Pro Summary: Wilson characterized as a noble idealist whose principles have made it difficult for later presidents to develop a foreign policy based on national self-interest. (Kissinger)

Believed that America’s global influence was dependent on its selflessness

Was able to take once isolationist US into war by first asserting to the public that his administration was devoted to peace.

Affirmed that US sought no other gain than to vindicate its principles.

Based foreign policy on moralistic ideals like the spread of democracy and spread of American principles as opposed to recognizing issues with balance of power.

Had the conviction that the Anglo-Saxon race was superior and had the duty to remake world in their image

He thought peace was based on universal law and national trustworthiness instead of equilibrium and national self-assertion.

No other country has based international leadership on altruism instead of national interests.

Entrance into WWI was not based on national interests at all but rather about moral foundations and abiding by the universal law. The effect of such a moral basis leads to total victory as the only valid goal so compromise is not possible.
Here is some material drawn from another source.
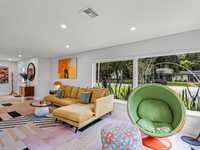 House 2708988735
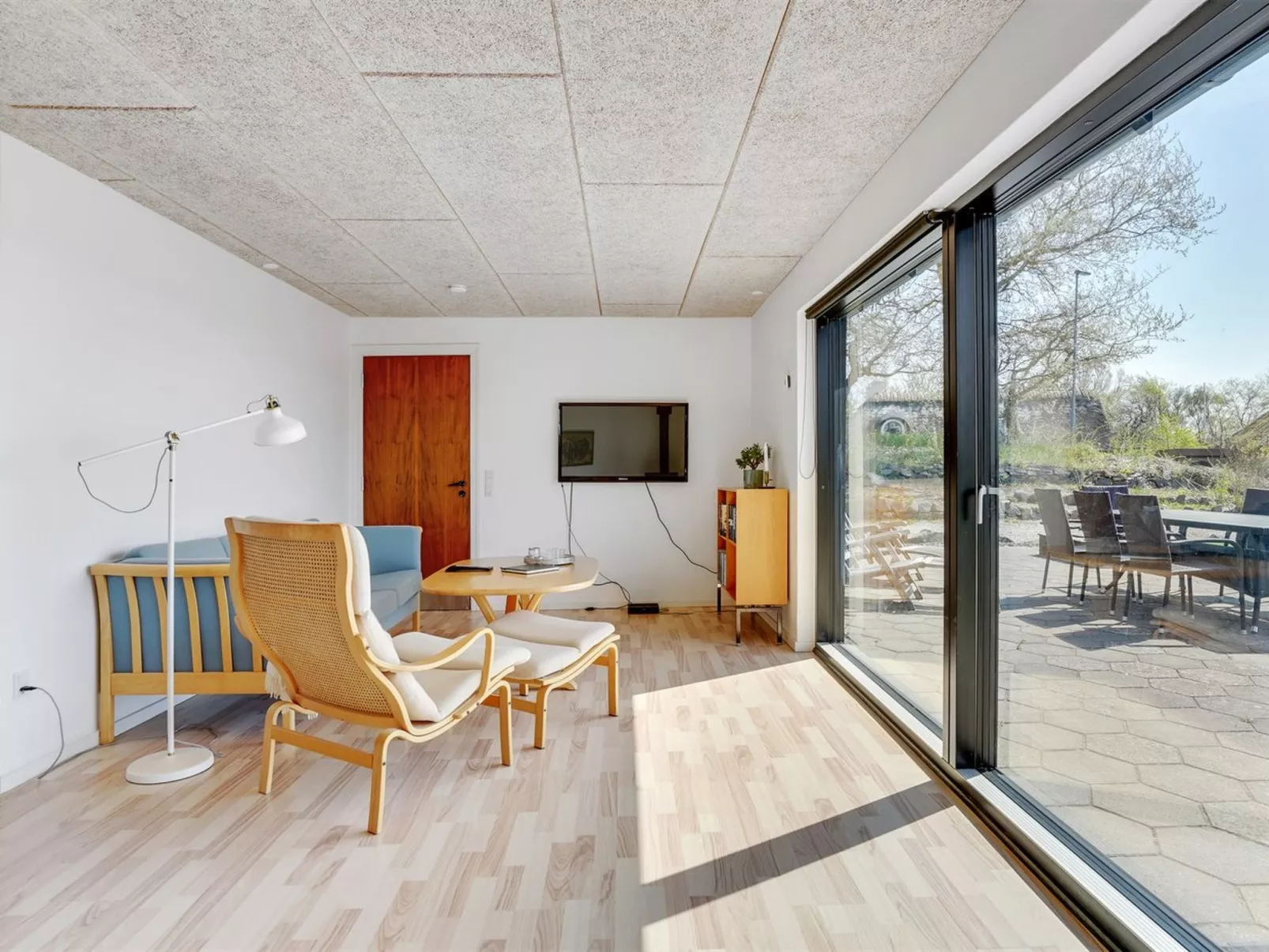 "Emin" - 100m from the sea-Binnen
He didn’t understand that the war was actually based on clashing of national interests and power struggle in Europe.

Fourteen Points Speech- tried to affirm that war was being fought for moralistic ideals, as opposed to power struggle.

He immaturely supported the idea of the League of Nations

Believed in morality of the universe, and that nations of the world all interested in protecting peace

He thought the war had resulted simply out of public ignorance bt the actual causes were much more complicated.

Basic premise behind the League of nations was naive because in nearly all difficult cases nations tend to disagree about the nature of a threat or discrepancy ie. Italian aggressions and the Bosnian crisis

Inflexible in ideals

Caused by the moral foundation that he was built upon

Inflexibility evidenced by tenure at Princeton, and his many strict changes to the school

Con Summary: Wilson understood better than his nationalistic opponents the new international role that America would play in world affairs and was therefore not a naïve idealist. (Carleton)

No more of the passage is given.